Casos internacionais

Reconhecimento italiano de jurisdição compulsória gera divergências

Autor

  • Lucas Carlos Lima

    é professor de Direito Internacional na Universidade Federal de Minas Gerais coordenador do Grupo de Pesquisa em Cortes e Tribunais CNPq/UFMG membro da Diretoria do Ramo Brasileiro da International Law Association consultor internacional e organizador da obra Comentário Brasileiro à Declaração do Rio sobre Meio Ambiente e Desenvolvimento.

2 de janeiro de 2015, 9h01

 Em tempos de divergências nas relações diplomáticas entre Brasil e Itália no que tange às possíveis extradições de Cesare Battisti a Henrique Pizzolato, a República Italiana alarga a competência de um órgão jurisdicional internacional para resolver conflitos com outros Estados. Em novembro de 2014, a Itália depositou junto às Nações Unidas sua declaração reconhecendo a jurisdição compulsória da Corte Internacional de Justiça, a Corte de Haia[1]. Trata-se de declaração através da qual a Itália admite a possibilidade que a Corte poderá resolver qualquer conflito com outro Estado que tenha realizado a mesma declaração. Neste breve comentário, alguns aspectos desta declaração e de como ela se insere no feixe de relações jurídicas internacionais serão analisados.

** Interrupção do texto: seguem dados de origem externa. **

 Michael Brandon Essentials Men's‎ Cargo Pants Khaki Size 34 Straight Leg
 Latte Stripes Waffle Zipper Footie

Partindo-se do pressuposto de que todos os Estados são soberanos e não estão submetidos à superior autoridade, para que um tribunal internacional possa adjudicar um conflito faz-se necessária a existência de declaração de vontade reconhecendo a jurisdição deste. Esta declaração de vontade pode ser formulada de diversas maneiras e a questão da verificação da existência de jurisdição é fundamental no contencioso internacional[2].

A declaração reconhecendo a jurisdição compulsória da Corte — também chamada de “cláusula opcional” — vem prevista no artigo 36, parágrafo 2 de seu Estatuto[3]. Nas palavras da própria Corte, “[d]eclarações de aceitação da jurisdição compulsória da Corte são facultativas, compromissos unilaterais que os Estados são absolutamente livres para realizar ou não”[4]. Através deste dispositivo, um Estado declara que aceita a jurisdição da Corte para resolver controvérsias futuras que possam surgir entre Estados que realizaram a mesma declaração. Portanto, um regime de reciprocidade rege as obrigações desta obrigação[5]. Em termos práticos, significa dizer que a partir da data do depósito, todos os Estados que realizaram a mesma declaração sob o artigo 36, 2, do Estatuto poderão levar à Corte Internacional de Justiça uma controvérsia contra a Itália.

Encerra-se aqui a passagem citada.